Entertainment
The 'OITNB' Sexual Assault Plot Was Hard To Watch
If, like me, you've emotionally exhausted yourself this past weekend by marathoning Season 4 of Orange Is the New Black (despite promises that you wouldn't "rush through it" this time), then you'll already be plenty aware of the harsh, emotional storylines that built up with every episode. There were endless plots which made me grimace with horror, sob at the tragedy, and feel some genuine hurt for the inmates of Litchfield Penitentiary. But as a sexual assault survivor, it was Tiffany "Pennsatucky" Dogget's continued rape subplot which really picked away at me on a personal level. When the heartbreaking storyline was first introduced in Season 3, it made for intensely difficult viewing, though it was thoughtfully executed. The rape scenes feel like an unnecessary plot device, there simply for exploitation and shock value. Instead, they were well-written and incredibly acted, whilst holding what felt like the utmost respect for any survivors watching the show.

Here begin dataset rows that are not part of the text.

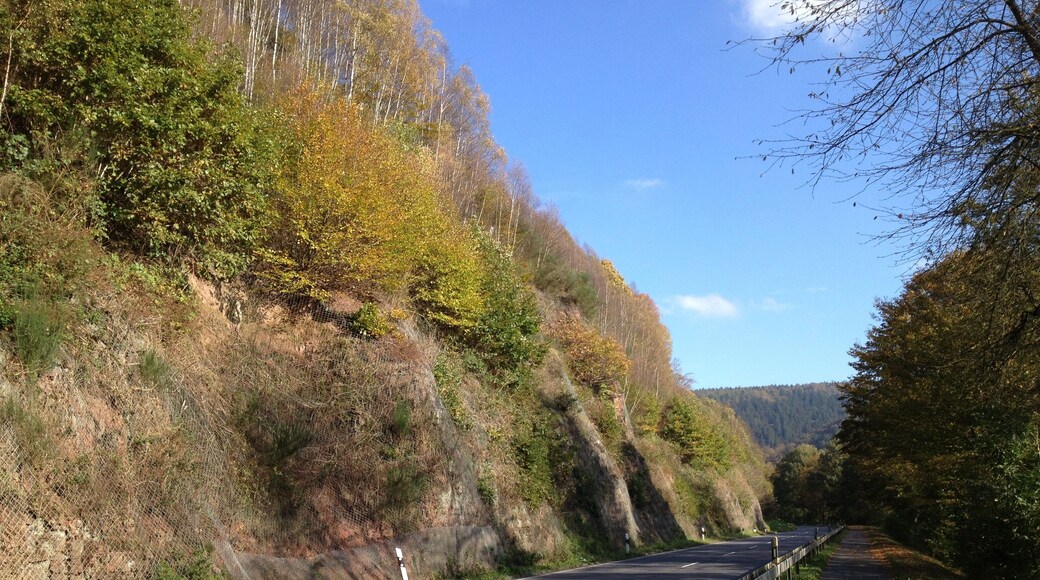 Der Hessische Radfernweg R1 (Fulda-Radweg) zwischen Hann. Münden und Reinhardshagen an der B 80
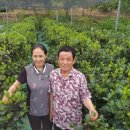 정아농장 이미지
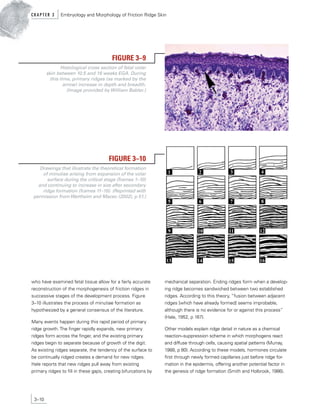 Primaryb Rudge's FBI MANUAL LATEST DOWNLOAD.pdf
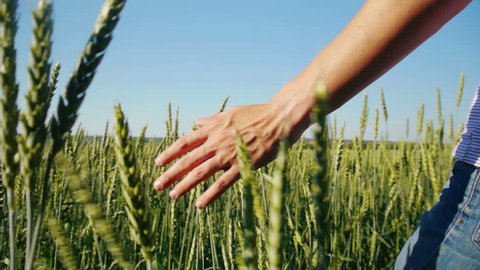 Male hand touching wheat in summer  field 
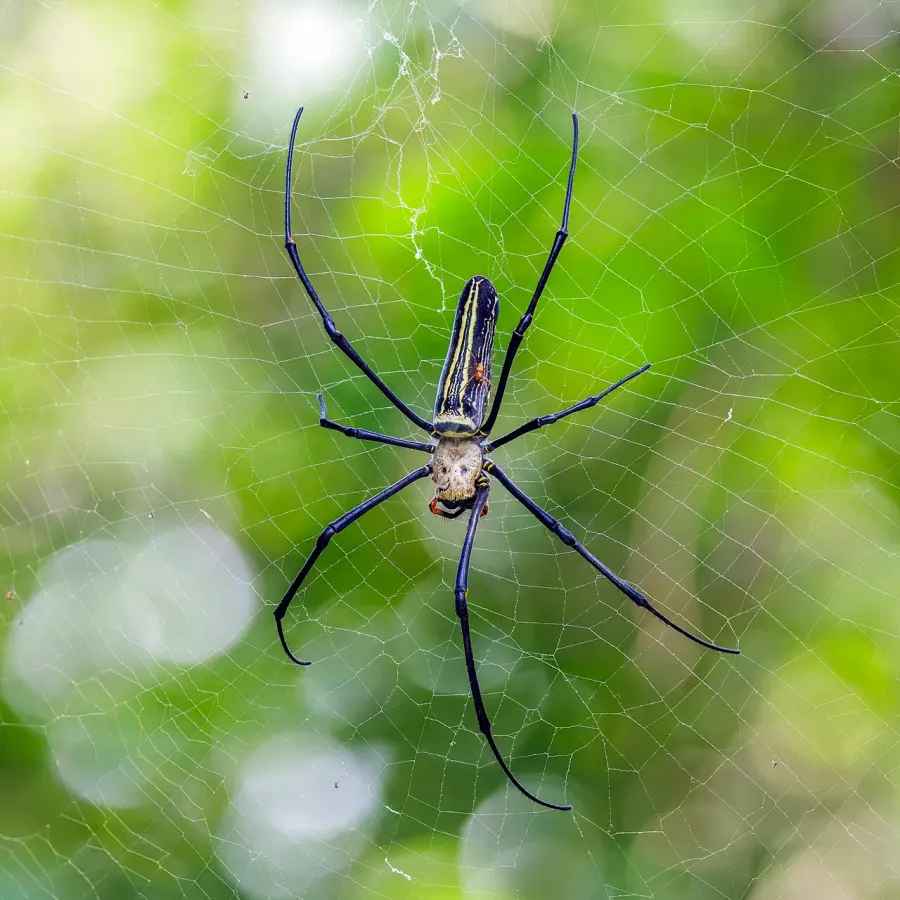 La carte Nephila pilipes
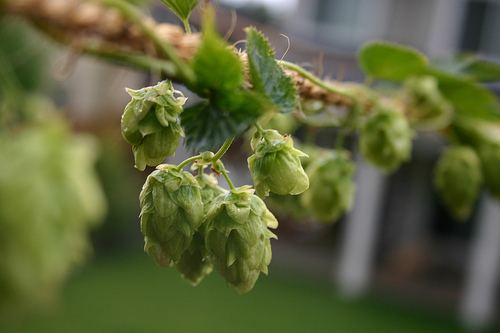 Cascade hop Cascade Hops America39s Own Mendocino Brewing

Flashbacks gave us uncomfortable insight into the repeated sexual assaults Pennsatucky had suffered throughout her life at the hands of people she knew, or even trusted. The harrowing abuse appeared to follow the character into prison, as she was once again raped, this time by C.O. Charlie Coates. The two initially shared some chemistry, but Coates’ inappropriate behavior toward her instantly raised alarm bells in viewers such as myself.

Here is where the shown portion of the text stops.